Pharmacodynamie des effets utiles en clinique
Le mavacamten réduit l’obstruction de la chambre de chasse du ventricule gauche en diminuant le gradient intraventriculaire.
Il pourrait également induire un remodelage myocardique, avec une diminution progressive de la masse ventriculaire gauche, de l’épaisseur pariétale et du volume de l’oreillette gauche, traduisant une réduction de l’hypertrophie.
Sur le plan électrophysiologique, une diminution de l’intervalle QT peut être observée, de façon dépendante de la concentration.
Caractéristiques pharmacocinétiques utiles en clinique
Le mavacamten est largement métabolisé, principalement par le CYP2C19, le CYP3A4 et le CYP2C9.
Les inhibiteurs/inducteurs du CYP2C19 et du CYP3A4 sont donc susceptibles d'affecter la clairance du mavacamten et d'augmenter/diminuer la concentration plasmatique du mavacamten en fonction du phénotype du CYP2C19.
Le risque d’interactions médicamenteuses doit être donc pris en compte.
Source de la variabilité de la réponse
Le CYP2C19 est l’enzyme principale impliquée dans le métabolisme du mavacamten et présente un polymorphisme génétique responsable d’une variabilité interindividuelle de l’exposition au médicament.
On distingue plusieurs phénotypes métaboliques :
• métaboliseurs normaux
• métaboliseurs lents
• métaboliseurs rapides
La prévalence du phénotype métaboliseur lent varie d’environ 2 % dans les populations caucasiennes à environ 18 % dans les populations asiatiques.
Chez les métaboliseurs lents du CYP2C19, le métabolisme du mavacamten est en partie compensé par le CYP3A4.

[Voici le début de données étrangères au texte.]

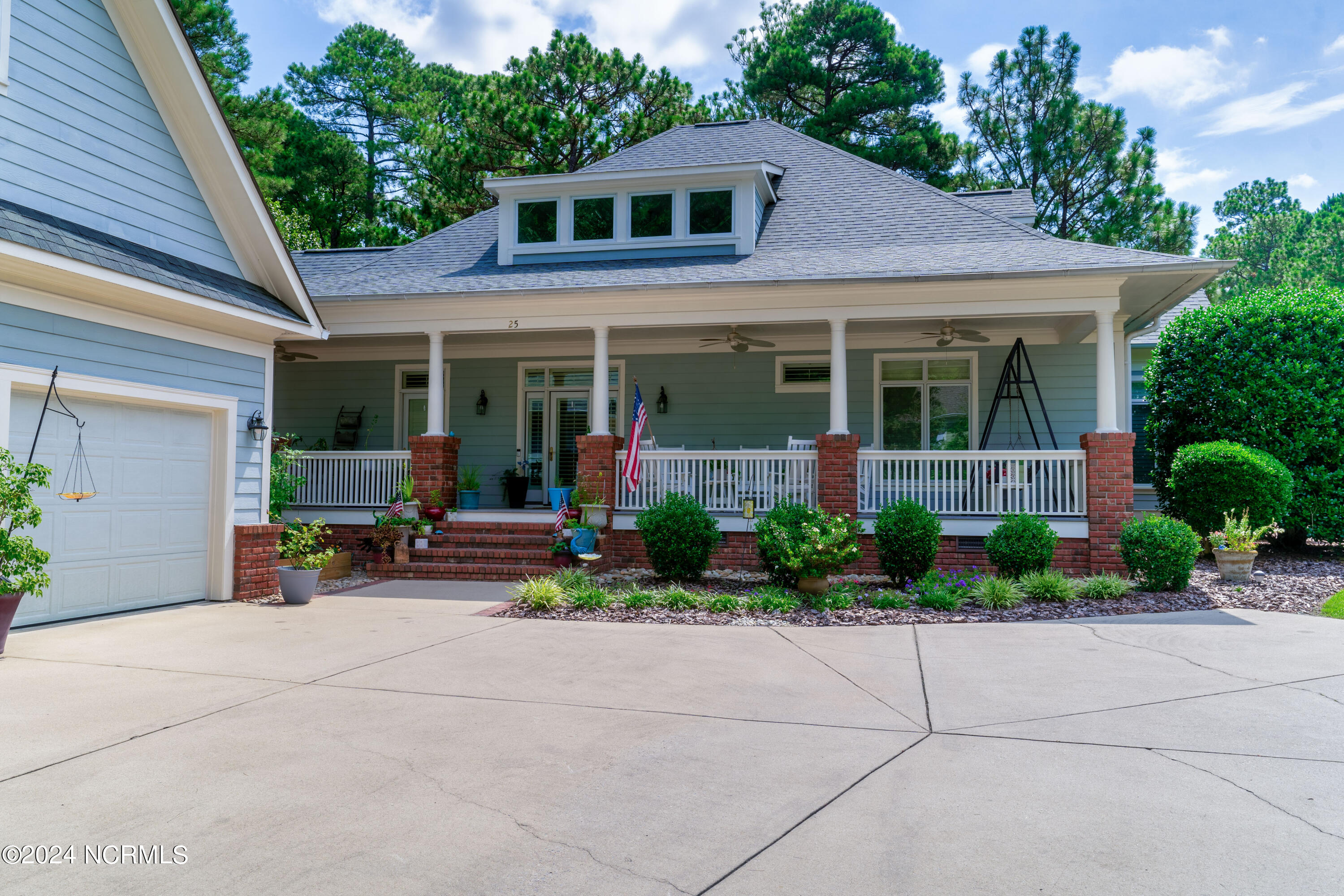 25 Wellington Drive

Sur le plan pharmacocinétique, cela se traduit par une augmentation de l’exposition au médicament, avec une demi-vie prolongée chez les métaboliseurs lents (environ 23 jours) par rapport aux métaboliseurs normaux (6 à 9 jours).
Effets indésirables
Troubles cardiaques principalement (notamment insuffisance cardiaque).
Surveillance des effets
Une évaluation pharmacogénétique peut être réalisée avant l’instauration du traitement afin de déterminer le statut métaboliseur du patient (lent, normal ou rapide) et d’adapter la posologie en conséquence.
Un bilan cardiovasculaire initial est recommandé avant traitement, suivi d’une surveillance clinique et cardiaque régulière au cours du traitement et après son initiation, avec une attention particulière portée à la fraction d’éjection du ventricule gauche (FEVG).